In general, for a function $T:X\to Y$ and a subset $B$ of $Y$, we can define the preimage of $B$ via $T$ as a set. You probably know the definition. We denote this set $T^{-1}(B)$.

If a function $T:X\to Y$ is injective, we can define an honest-to-goodness function $T^{-1}:T(X)\to X$ by defining $T^{-1}(y)$ to be the single element of the set $T^{-1}(\{y\})$. This is a slight abuse of notation because we're using $T^{-1}$ in two ways. Since $T$ is injective, $T^{-1}(\{y\})$ contains a single element. The function $T^{-1}$ is called a left inverse because $T^{-1}\circ T = 1_X$, i.e. $(T^{-1}\circ T)(x) = x$ for all $x\in X$.

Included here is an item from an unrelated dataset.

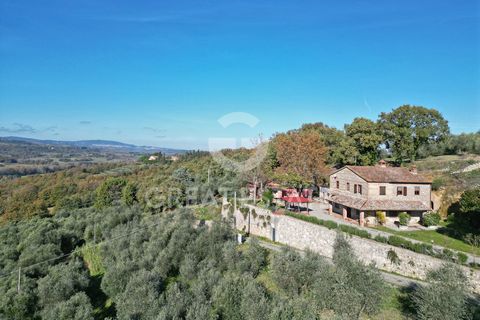 La proprietà in oggetto comprende un casale posto su 2 livelli con le tradizionali facciate in pietra ed un caratteristico portico a 6 colonne disposto come segue: al piano terra è presente un grande e luminoso salotto con camino, tavolo da biliardo ...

Suppose $T$ is a transport map. Then $\nu(T(A)) = \mu(T^{-1}(T(A))$, and it is not hard to show that $T^{-1}(T(A)) = (T^{-1}\circ T)(A)$ where $T^{-1}$ is a left inverse of $T$. So $\mu(T^{-1}(T(A)) = \mu((T^{-1}\circ T)(A)) = \mu(1_X(A)) = \mu(A)$.

The function $T$ is bijective if it has a left inverse and a right inverse. But you only need a left inverse for this observation, so injective is enough.

For Q2, As GReyes says, a measure $\nu$ on $Y$ is a function $\nu:\Sigma \to \overline{\mathbb{R}} $ with special properties, where $\Sigma$ is a $\sigma$-algebra on $Y$. A probability measure is one where also $\nu(Y) = 1$, which you will almost certainly find to be an important assumption as you study optimal transport problems. So a $\nu$-measurable set $B$ simply means that $B\in\Sigma$.